Complete surrender is another name for jnana or liberation. Offer yourself up unconditionally to the power that is your own source.

It is enough that one surrenders oneself. Surrender is to give oneself up to the original cause of one's being. Do not delude yourself by imagining such a source to be some God outside you. Your source is within yourself. Give yourself up to it.

I've read several books about Ramana's teachings. What can be confusing about is the way he bounces back and forth between speaking of the Self as the non-dual essence of everything, and talking about God in a seemingly theistic manner.

However, just as with Ibn 'Arabi, I've learned to mentally translate Ramana's "He's" and "Him's" into "That's." Ramana recognized that some people are drawn to a conception of a personal divinity, so he gave them what they wanted.

What I want, though, isn't surrender to another person – even if it supposedly is the Big Man Upstairs. Reality will do just fine, thank you.

And that's what I feel I get from Ramana, once I burrow beneath the apparent monotheism of his words and hit a deeper vein of non-duality.

Complete surrender does require that you have no desire of your own, that God's desire alone is your desire and that you have no desire of your own.

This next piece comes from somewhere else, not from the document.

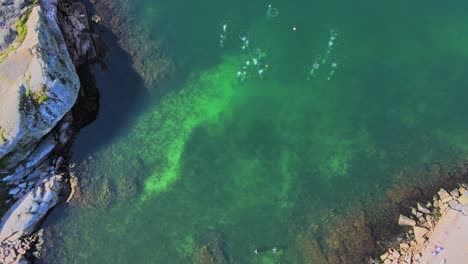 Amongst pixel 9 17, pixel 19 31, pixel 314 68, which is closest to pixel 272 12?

Banish even the thought "I am a fit instrument for Him" and remain still.

Abidance in one's real state is ceasing to exist as a slave [of God]; it is remaining even without the thought "I am a slave" rising; it is egoless mauna [silence], utterly still, having no mental movements. The unlimited consciousness that shines in this state is the [true] consciousness.

Surrender to Him and abide by His will whether he appears or vanishes; await His pleasure. If you ask Him to do as you please, it is not surrender but command to Him. You cannot have Him obey you and yet think that you have surrendered.

He knows what is best and when and how to do it. Leave everything to Him. His is the burden; you have no longer any cares. All your cares are His. Such is surrender. This is bhakti.

Or, enquire to whom these questions arise. Dive deep in the Heart and remain as the Self. One of these two ways is open to the aspirant.

Two ways? Maybe. However, I suspect they're the same way.